### Instructions for the task
Everything in the listing except the pictures should be written out exactly.

═══ Data provided

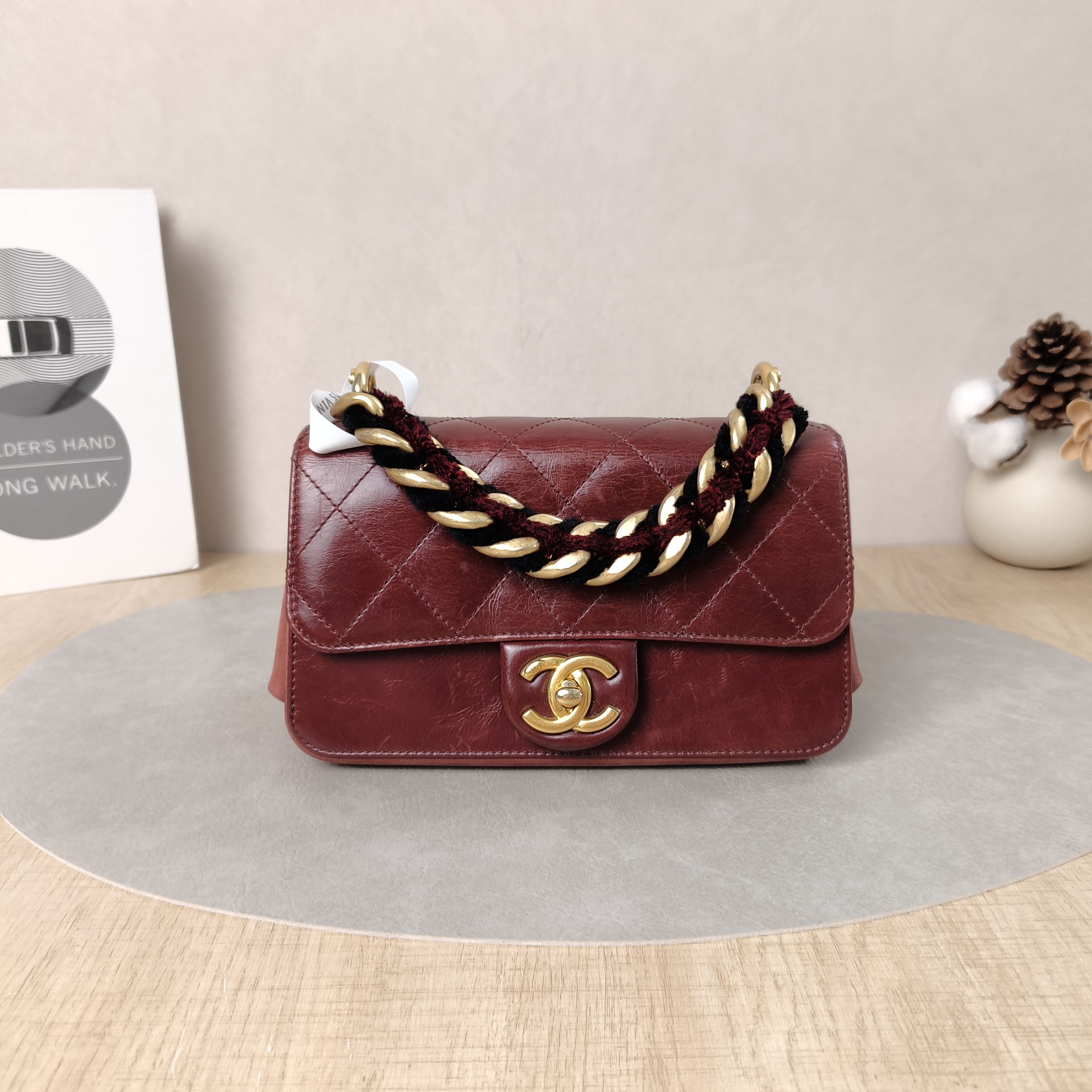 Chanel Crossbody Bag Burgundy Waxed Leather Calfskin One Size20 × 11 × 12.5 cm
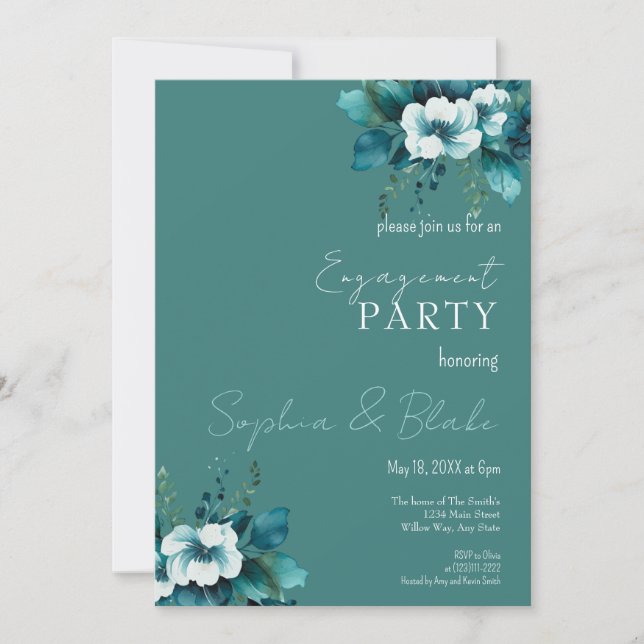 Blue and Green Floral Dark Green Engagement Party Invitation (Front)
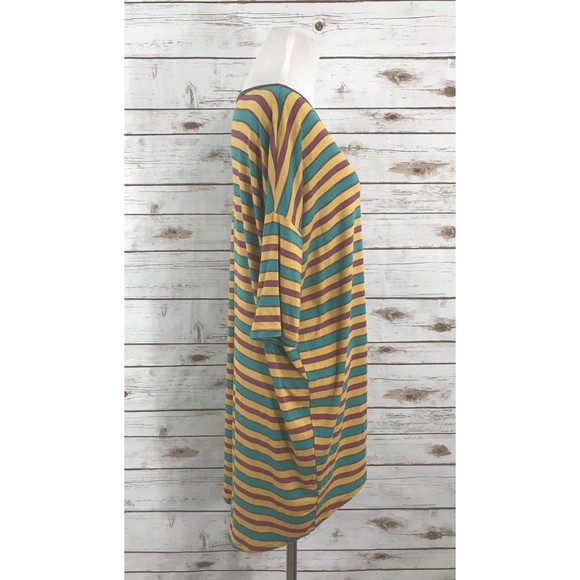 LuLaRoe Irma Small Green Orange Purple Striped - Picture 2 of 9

══════

### Response
 Chanel Crossbody Bag Burgundy Waxed Leather Calfskin One Size20 × 11 × 12.5 cm
 Blue and Green Floral Dark Green Engagement Party Invitation (Front)
 LuLaRoe Irma Small Green Orange Purple Striped - Picture 2 of 9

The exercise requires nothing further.